»»

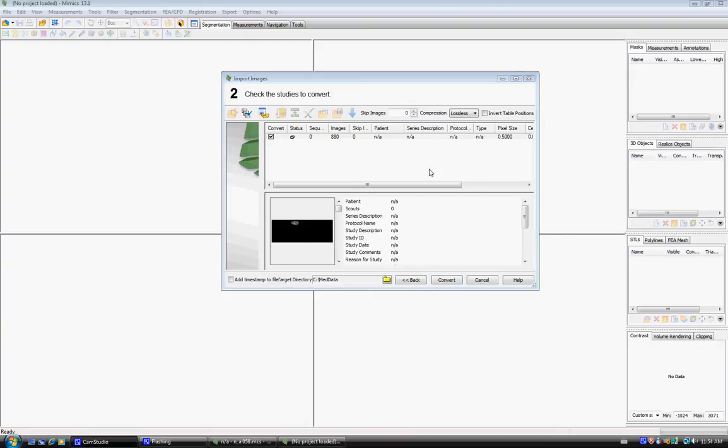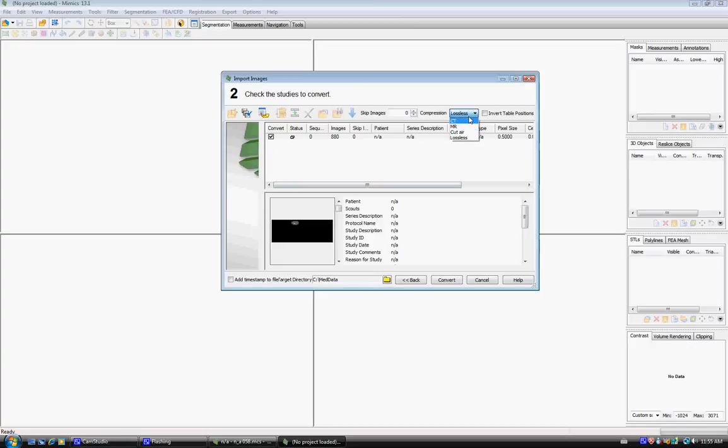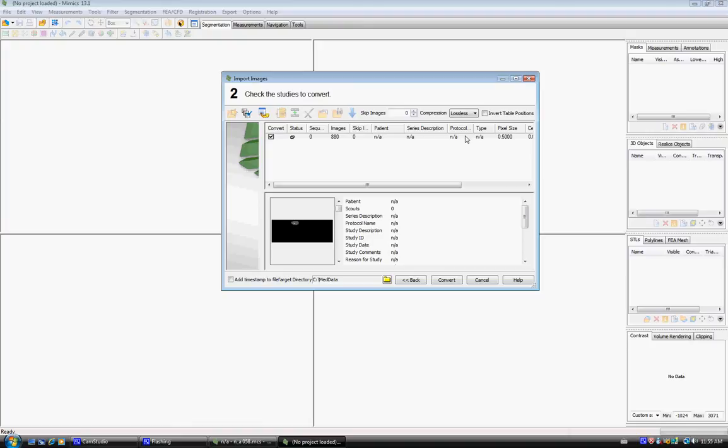This is the final screen before converting the images into Mimics, where you're given the option of compression. Compression covers which bit you're working in. CT is usually 12-bit. Lossless is for a 16-bit image that you want to keep at 16-bit. It doesn't really matter for this scan because it's a CT anyway, so lossless and CT will be the same. After this, click Convert.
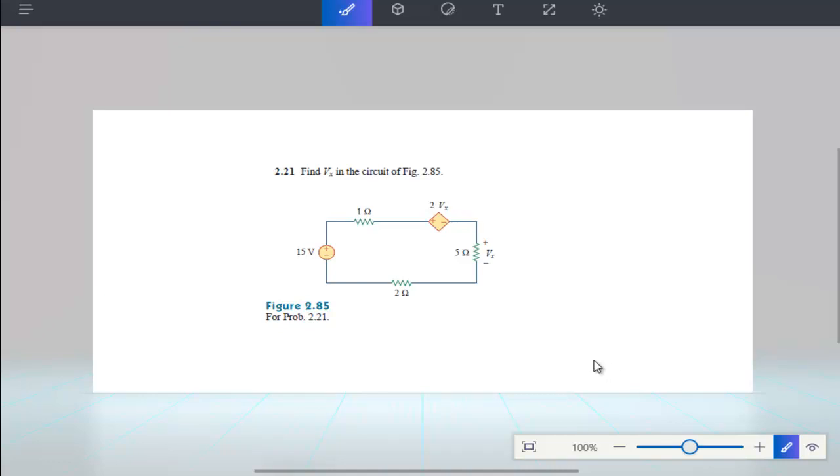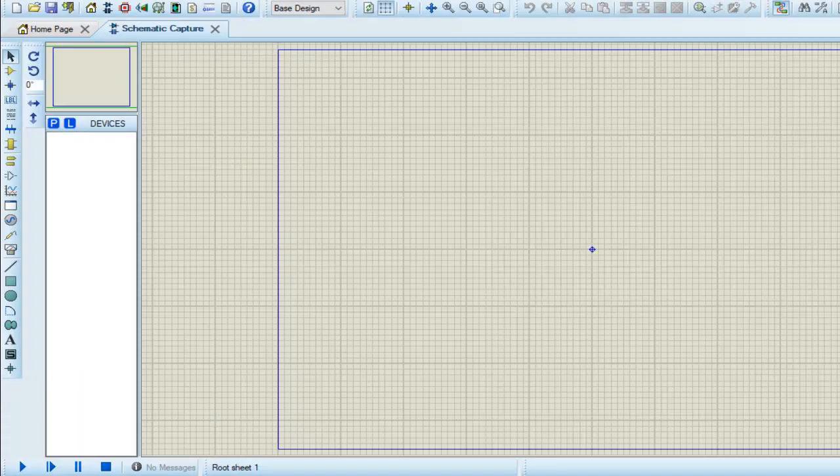Now, this circuit with a voltage dependent voltage source, or voltage controlled voltage source, we will try to implement in Proteus software. We will learn how we can implement this dependent source in Proteus and see the result. Let's start. First I make the circuit, then I will choose their values.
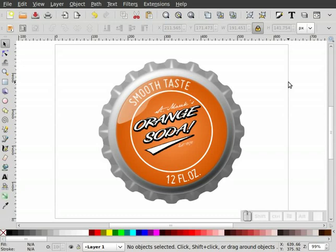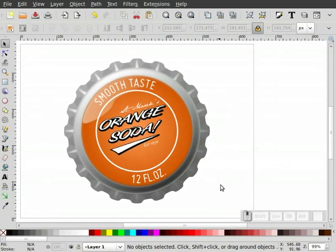If you want something more realistic, you can use a Coca-Cola or Pepsi logo, change the color, or give it a brass finish. That is our bottle cap screencast. Thank you for watching. I'm Heathen X.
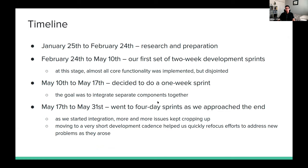In terms of timeline, we spent our first month doing nothing but research and preparation. None of us knew anything about forward error correction or wireless transmission when we started, so we made sure to figure out what we were doing before writing real code. After that research stage, we spent about two and a half months on two-week development sprints — go for two weeks, figure out tasks, do those tasks, then regroup for a week in the middle to set up the next sprint.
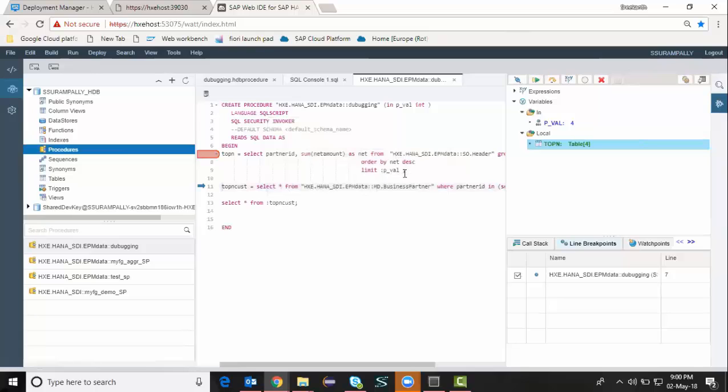And the result of that output, the result of that select statement is passed to a different table. I'm going to see that by running this step over.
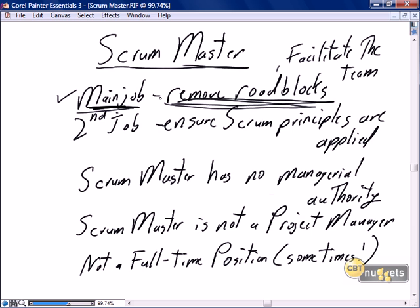In a lot of instances, the Scrum Master is going to be the facilitator working with organizational management, with the product owner, with IT management, with security management — working with whoever has the ability to actually remove the roadblocks. The Scrum Master is going to facilitate the removal of roadblocks and find the person in the organization who can remove the impediments to the team's forward progress.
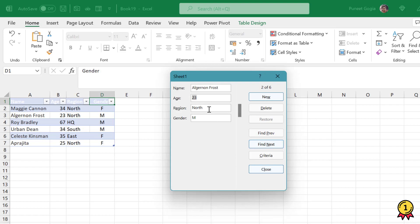I can make a few changes as well. I can change this to North or to South and press Enter. So my region has been updated for this particular entry.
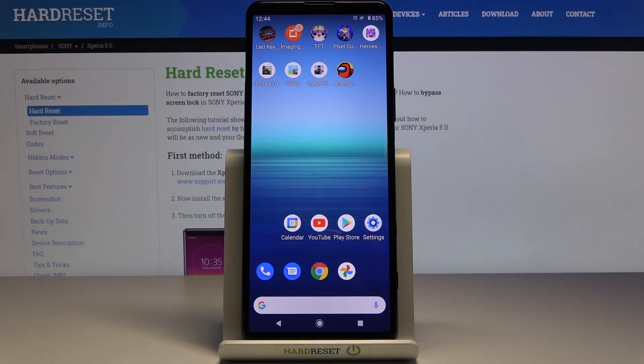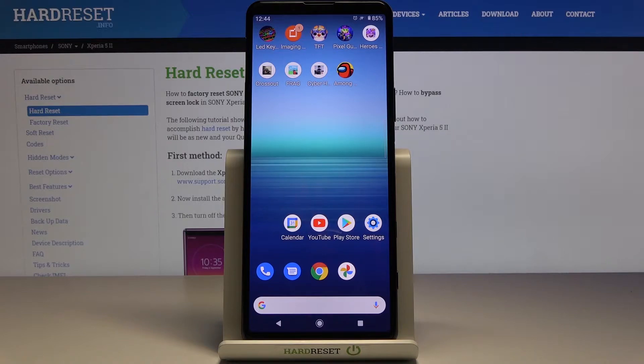In front of me is Sony Xperia 5.2 and let me show you how to activate installation of apps from unknown sources on the following device.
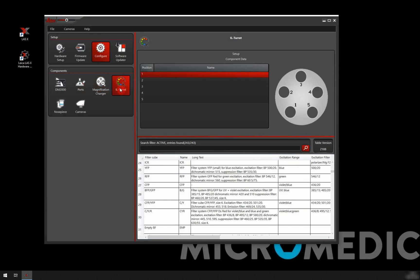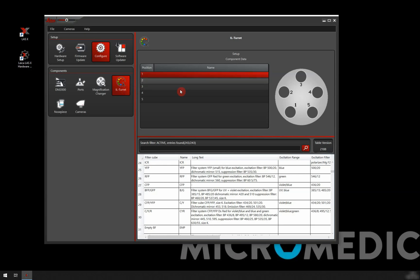Incident light turret is also something that always comes up. Very often with these more basic upright microscopes, you might not have one. Again, then you don't really need to do anything. But if you do have, for example, fluorescence on your microscope, you would add your filter cubes here.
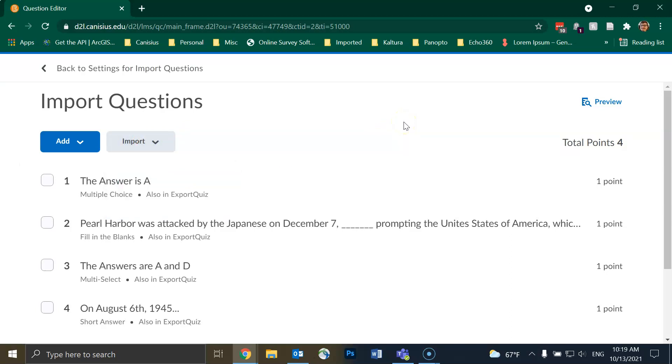That is it for this video. If you have any questions or comments, please email us at helpdesk at canisius.edu. Thank you for watching and have a good rest of your day.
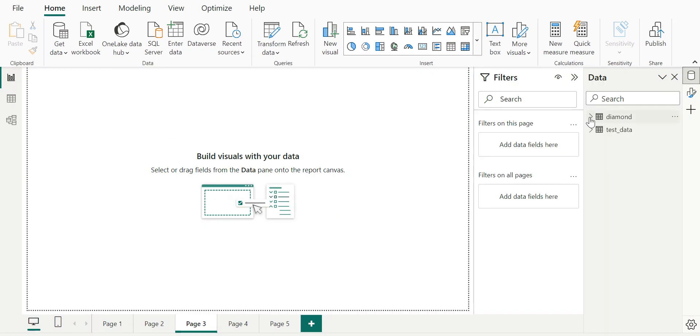Hello and welcome to the video on Power BI. In this video, let us take a look at how we can build Python-based visuals in Power BI. Let's start.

««

Reproduce the entries exactly, from the line with "In a lot of" to the line with "I can make a", both lines included, keeping no pictures.

◆ **Exercise answer**
In a lot of instances, the Scrum Master is going to be the facilitator working with organizational management, with the product owner, with IT management, with security management — working with whoever has the ability to actually remove the roadblocks. The Scrum Master is going to facilitate the removal of roadblocks and find the person in the organization who can remove the impediments to the team's forward progress.
I can make a few changes as well. I can change this to North or to South and press Enter. So my region has been updated for this particular entry.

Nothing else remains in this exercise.